Continuous extension of a real function Related;
Open set in $\mathbb{R}$ is a union of at most countable collection of disjoint segments
This is the theorem i need to prove;
"Let $E(\subset \mathbb{R})$ be closed subset and $f:E\rightarrow \mathbb{R}$ be a contiuous function. Then there exists a continuous function $g:\mathbb{R} \rightarrow \mathbb{R}$ such that $g(x)=f(x), \forall x\in E$."
I have tried hours to prove this, but couldn't. I found some solutions, but ridiculously all are wrong.
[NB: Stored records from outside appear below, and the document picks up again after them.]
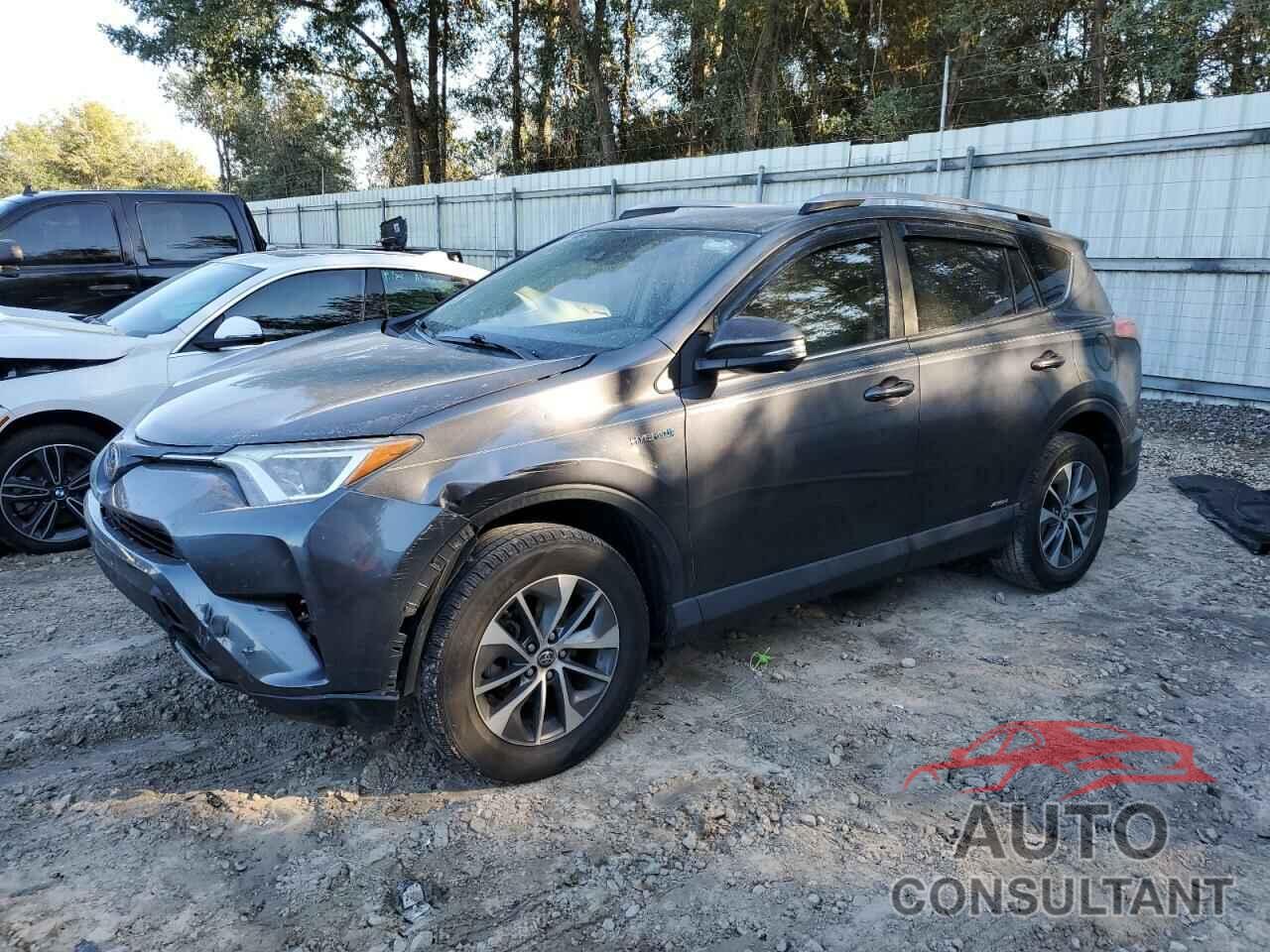 TOYOTA RAV4 2018 - JTMRJREV9JD243782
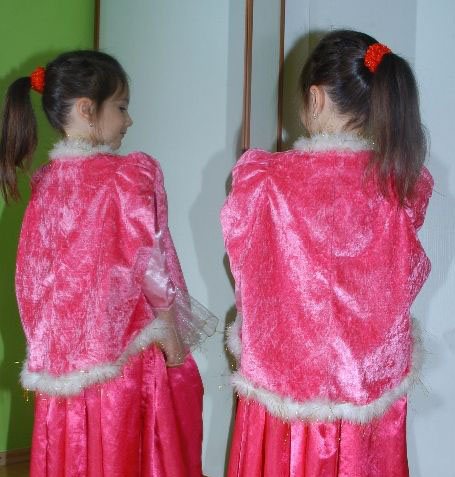 Karnevalová pelerína princezna šípková růženka,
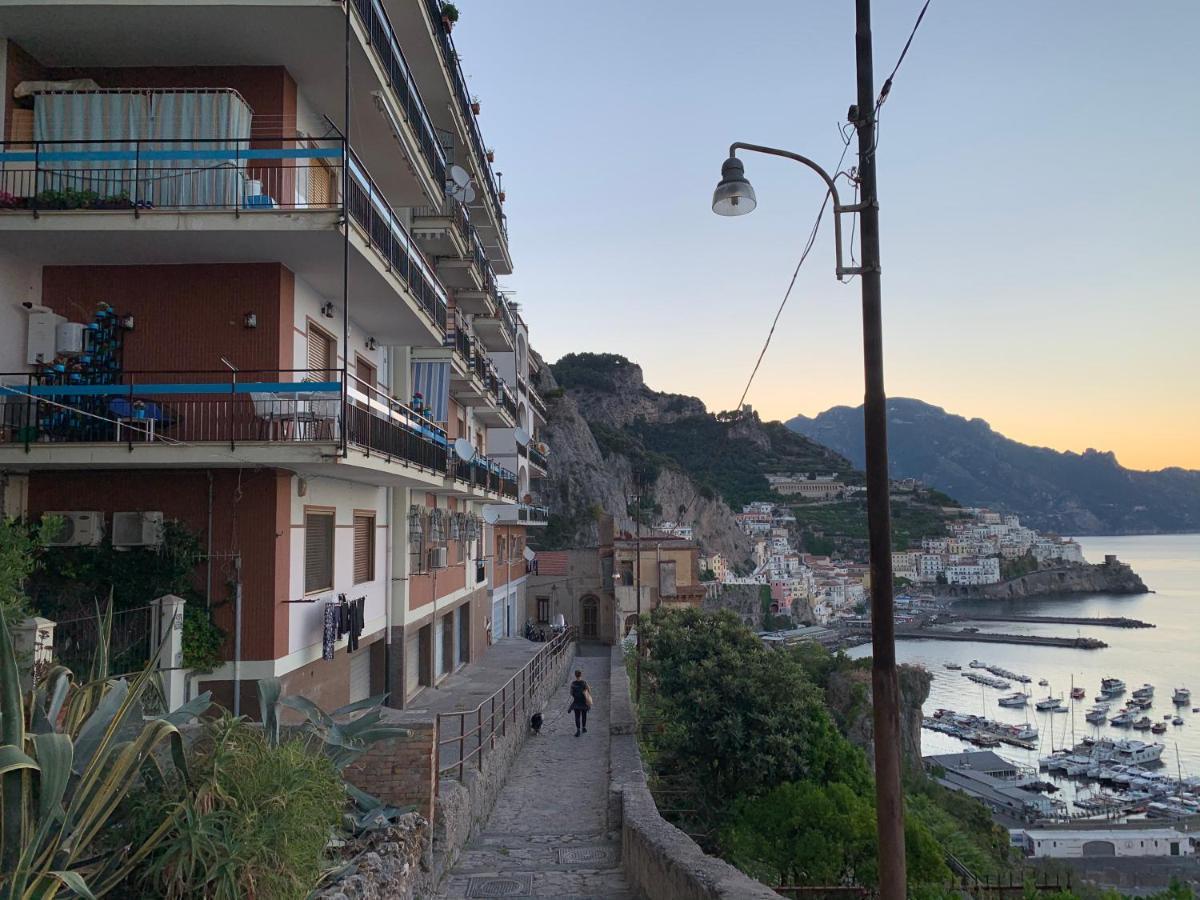 La Marea - Appartamento Panoramico Amalfi Bagian luar foto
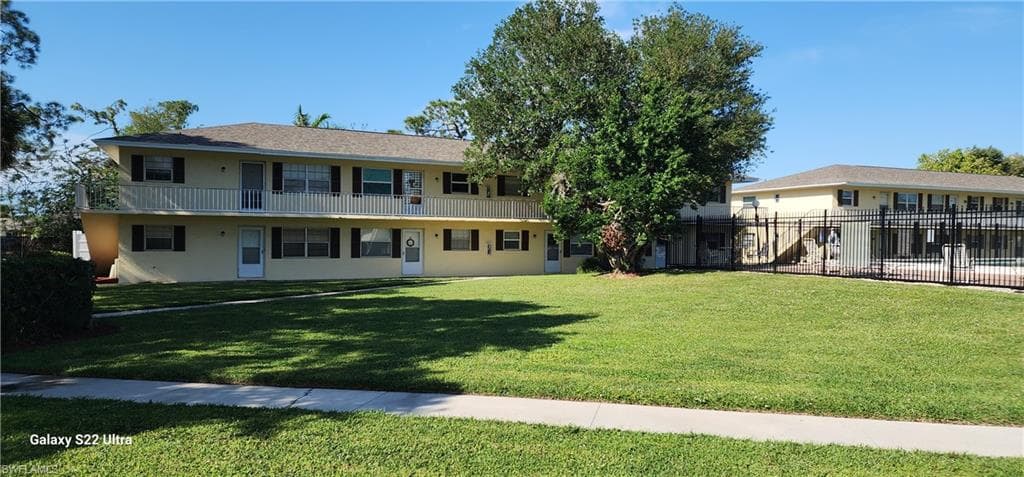 3325 Airport RD N J3 NAPLES, FL 34105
Every solution states that "If $x\in E$ and $x$ is not an interior point of $E$, then $x$ is an endpoint of a segment of at most countable collection of disjoint segments.". However, this is indeed false! (Check Arthur's argument in the link above)
Wrong solution Q4.5;
http://www.math.ust.hk/~majhu/Math203/Rudin/Homework15.pdf
Just like the argument in this solution, i can see that $g$ is continuous on $E^c$ and $Int(E)$. But how do i show that $g$ is continuous on $E$?
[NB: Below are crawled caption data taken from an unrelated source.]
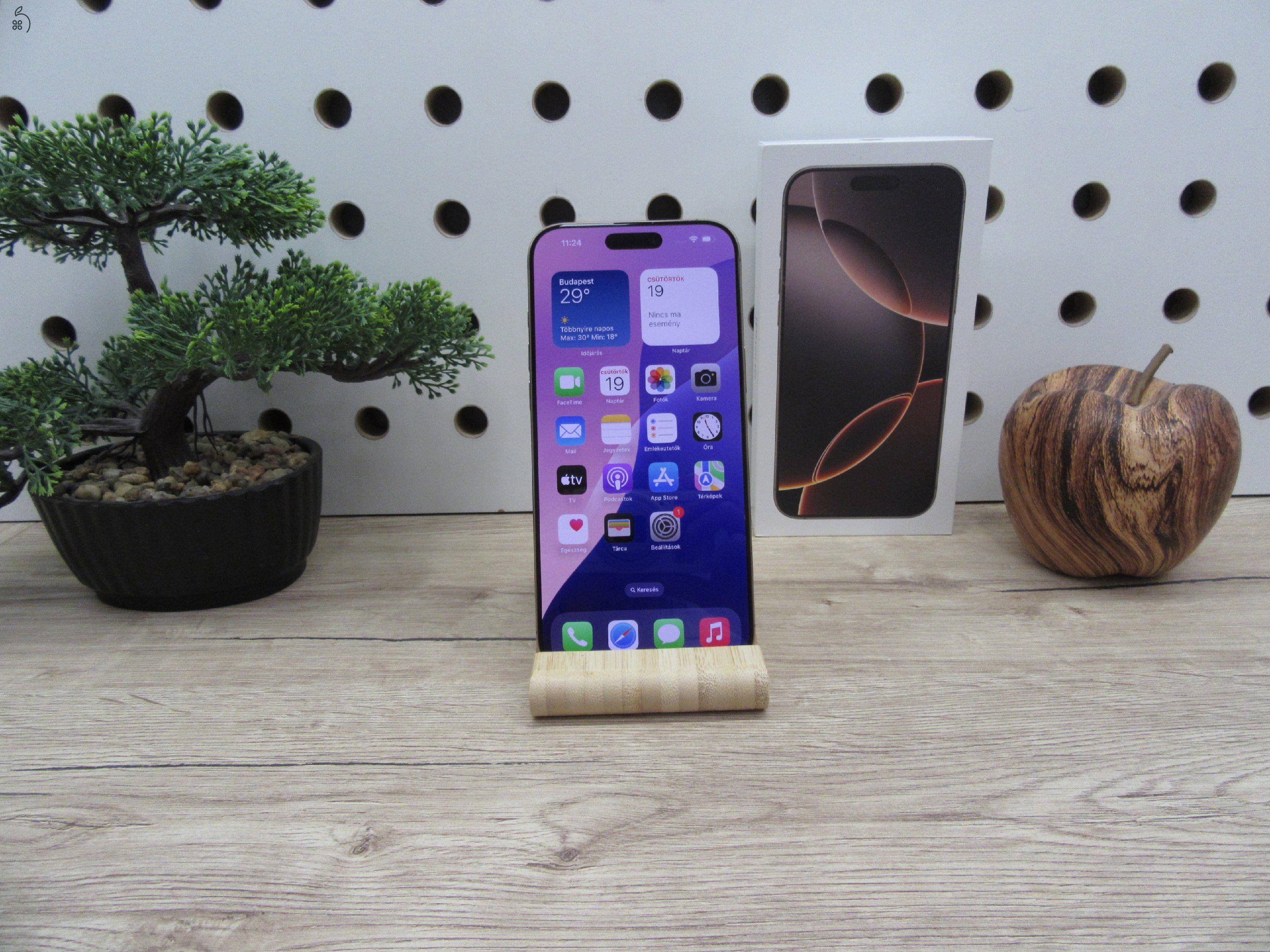 Apple iPhone 16 Pro Max - Desert Titanium - Új, kipróbált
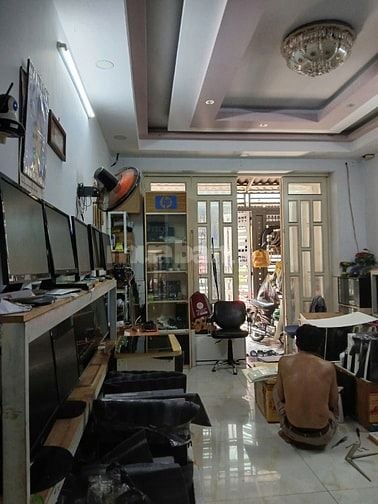CHÍNH CHỦ: Nhà 2 MT 4*18m, 3 tầng, hẻm ô tô thông 703  HL2 - HH 1%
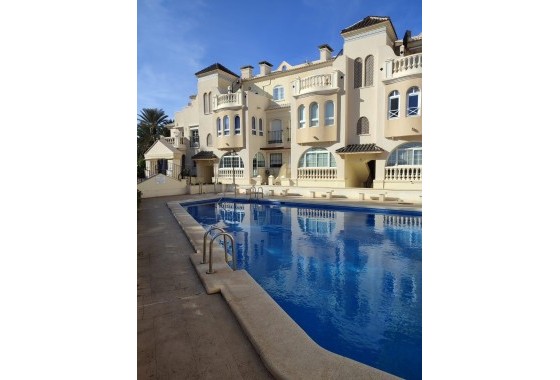 Appartement / Flat - Herverkoop - Torrevieja -
                Torrevieja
 A: A constructive and explicit proof proceeds as follows. Since $E$ is closed, $U=\mathbb{R}\setminus E$ is a countable union of disjoint open intervals, say, $U=\bigcup (a_n,b_n)$. Necessarily, we must have that $a_n,b_n\in E$. Define $f(x)$ as follows. 
$$ f(x) = 
\begin{cases}
g(x) &\text{if }x\in E \\
\frac{x-a_n}{b_n-a_n}g(b_n)+\frac{b_n-x}{b_n-a_n}g(a_n) & \text{if }x\in[a_n,b_n] 
\end{cases} $$
Notice first that $f(x)$ is well-defined and also, for all $x\in(a_n,b_n)$, either $g(a_n)\le f(x)\le g(b_n)$ or $g(b_n)\le f(x)\le g(a_n)$ depending on whether $g(a_n)\le g(b_n)$ or otherwise. Clearly, $f$ is continuous on $U$. Now suppose that $x\in E$ and $\epsilon>0$. Then there are a few cases. 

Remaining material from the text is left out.